No Mutation without Replication
Anthony Fauci made one particularly interesting statement in the August 5 televised conference: “No mutation without replication.” It’s a rule known to all epidemiologists and infectious disease specialists. That’s why he wants everyone to be vaccinated – it is hoped that it will stop replication. But there’s another side to the story, as addressed by former FDA Commissioner Scott Gottlieb who served in the Trump Administration (again, not everyone who served under Trump was evil or stupid). By knocking out most of the variants, but not the most dangerous one, you are in effect “selecting” for that most dangerous variant, he cautioned. Gottlieb was speaking of the South African variant at the time (hence I’m using that name) when interviewed on CBS’s “Face the Nation” last winter. That mutation apparently has not become the most dangerous one, but the point is still well taken. If we suppress all but the most dangerous mutation, then what do we do?

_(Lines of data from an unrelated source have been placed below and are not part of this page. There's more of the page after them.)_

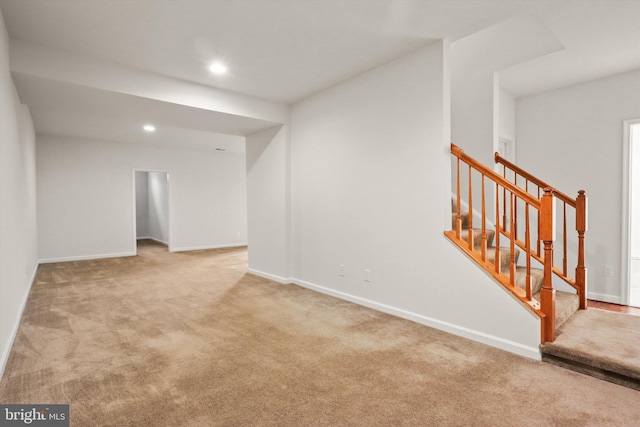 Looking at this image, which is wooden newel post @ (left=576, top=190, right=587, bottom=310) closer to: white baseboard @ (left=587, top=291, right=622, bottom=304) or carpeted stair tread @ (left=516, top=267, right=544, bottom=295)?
carpeted stair tread @ (left=516, top=267, right=544, bottom=295)

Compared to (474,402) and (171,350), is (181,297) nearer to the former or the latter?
(171,350)

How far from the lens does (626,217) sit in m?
4.02

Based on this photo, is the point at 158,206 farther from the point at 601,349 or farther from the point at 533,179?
the point at 601,349

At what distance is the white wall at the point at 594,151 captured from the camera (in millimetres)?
4086

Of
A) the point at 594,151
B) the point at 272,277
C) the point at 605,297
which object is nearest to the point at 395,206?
the point at 272,277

I appreciate your comments. Most of the comments I heard regarding the vaccine were to attribute it to “the previous administration” so it was never Biden’s vaccine. He was just the one who ended up being able to get it out the door and into the hands of healthcare workers to get it in our arms.
I am flabbergasted at the refusal of so many to take the vaccine. It’s not like the health experts are putting poison into people’s bodies, but giving their bodies the fighting chance they need to fight off the “real” virus.
I’m also disappointed in so many people not wanting to wear a mask “FOR THEIR OWN PROTECTION” let alone to protect others.
No, they are not fun to wear. I’m a teacher and I dislike wearing them as much as my students did last year, but darned if I’m going to leave my mask off this year with a more dangerous and contagious virus out there. I’ve had my 2 doses of vaccine and will take a third if it’s deemed necessary. It not only protects me, but also my family.
Please, please get vaccinated. It will help to stop this virus from becoming more and more dangerous. Listen to the Science and the doctors. Get your vaccinations as soon as you are eligible and able to.
Susan - thanks for your thoughtful comments. I understand vaccine hesitation, up to a point - everything is so sudden and dramatic, the disease and the vaccines - but I'd like to think that the overwhelming majority of people would come down on the side of getting vaccinated.